• _Task instructions_: For the material below, return exactly the lines starting at the line containing "Berlin aus der" and ending at the line containing "Image 1 : LT 245 70 17 FIRESTONE", both ends included, and no others.

• _Data provided_:
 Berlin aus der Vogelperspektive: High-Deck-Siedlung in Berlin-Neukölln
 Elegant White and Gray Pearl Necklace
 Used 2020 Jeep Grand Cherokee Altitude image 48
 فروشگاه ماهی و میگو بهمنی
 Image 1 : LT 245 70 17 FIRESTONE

==

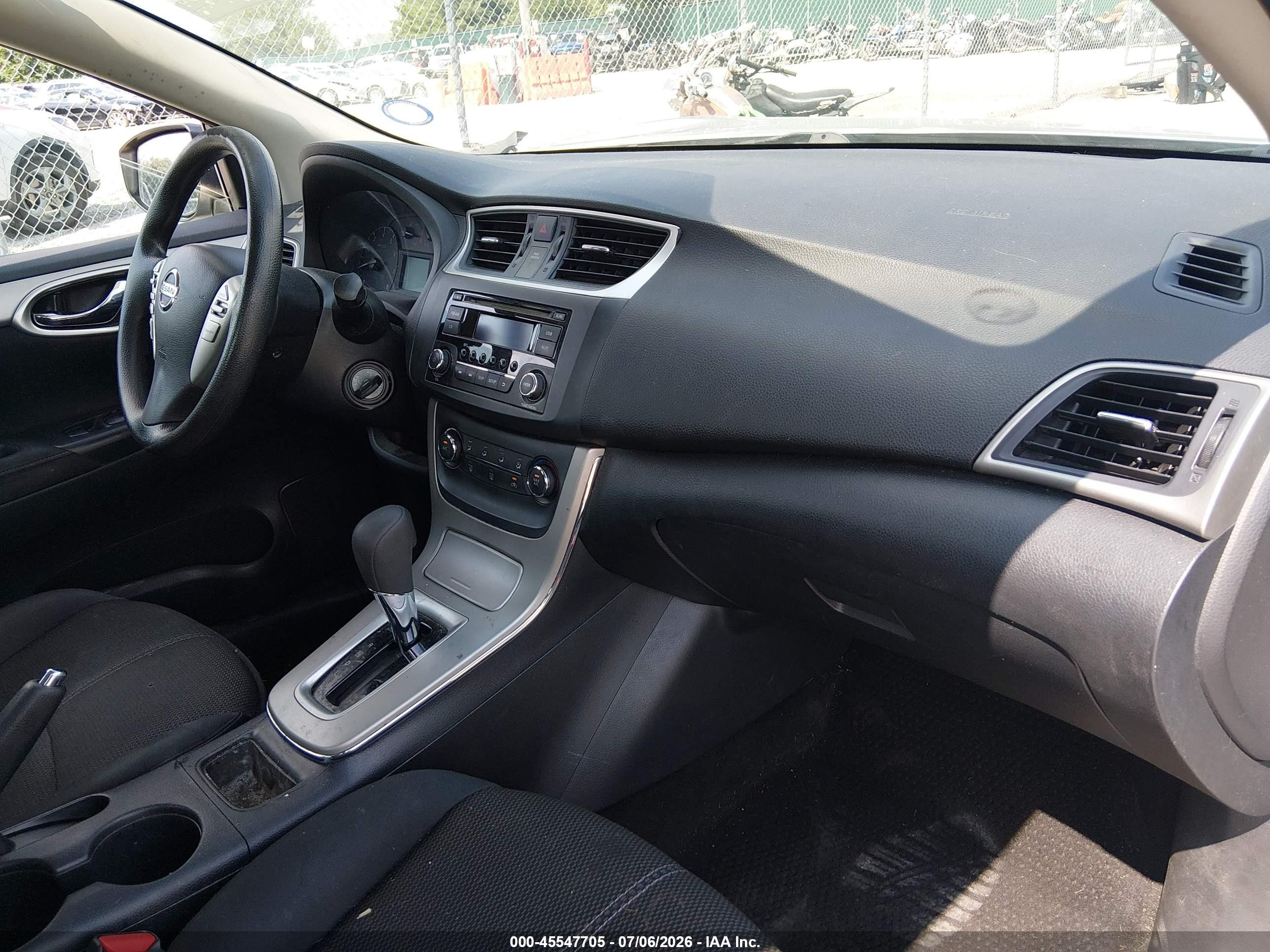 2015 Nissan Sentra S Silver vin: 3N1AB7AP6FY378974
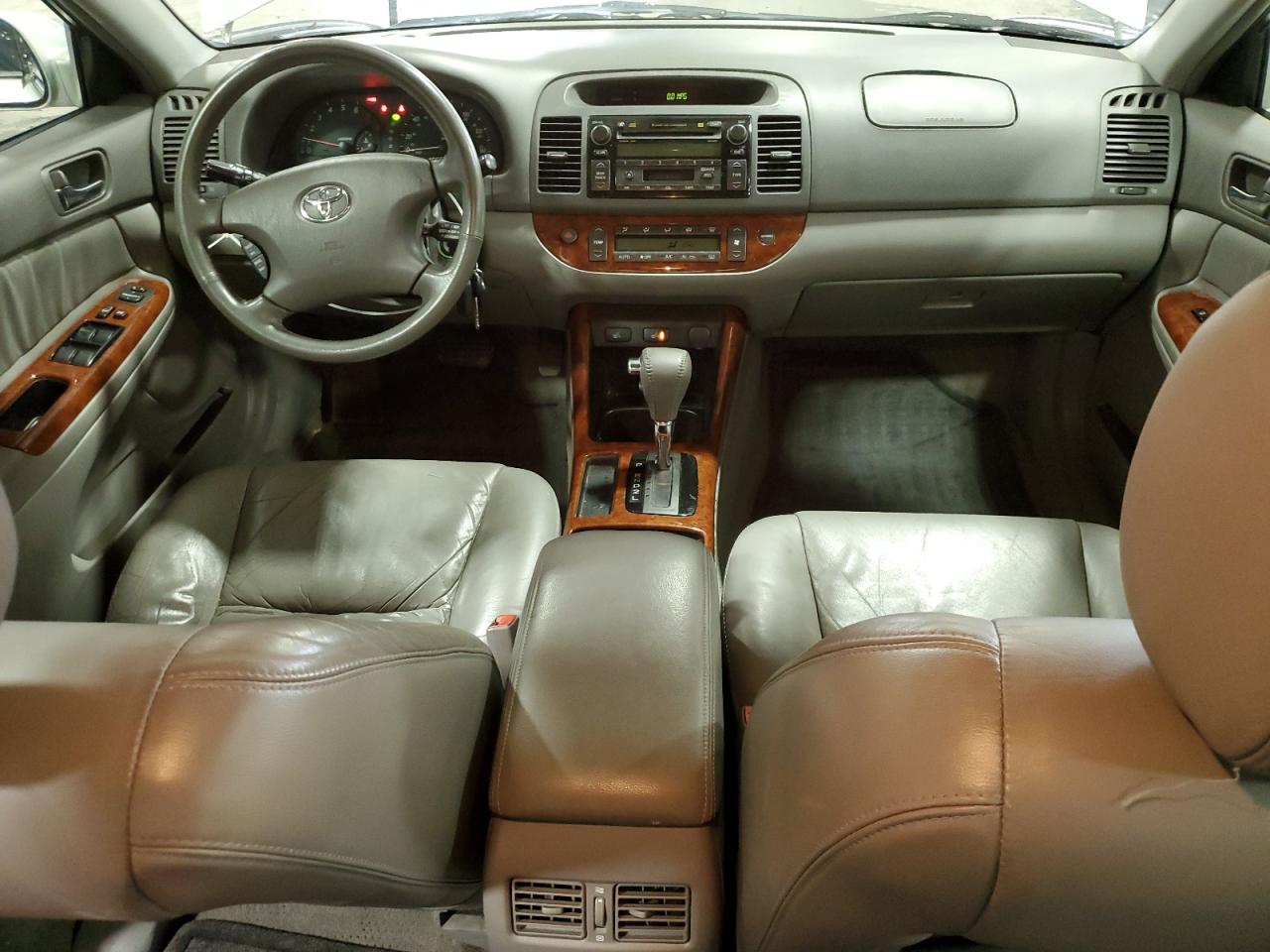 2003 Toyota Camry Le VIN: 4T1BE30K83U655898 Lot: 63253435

• _Answer_:
 Berlin aus der Vogelperspektive: High-Deck-Siedlung in Berlin-Neukölln
 Elegant White and Gray Pearl Necklace
 Used 2020 Jeep Grand Cherokee Altitude image 48
 فروشگاه ماهی و میگو بهمنی
 Image 1 : LT 245 70 17 FIRESTONE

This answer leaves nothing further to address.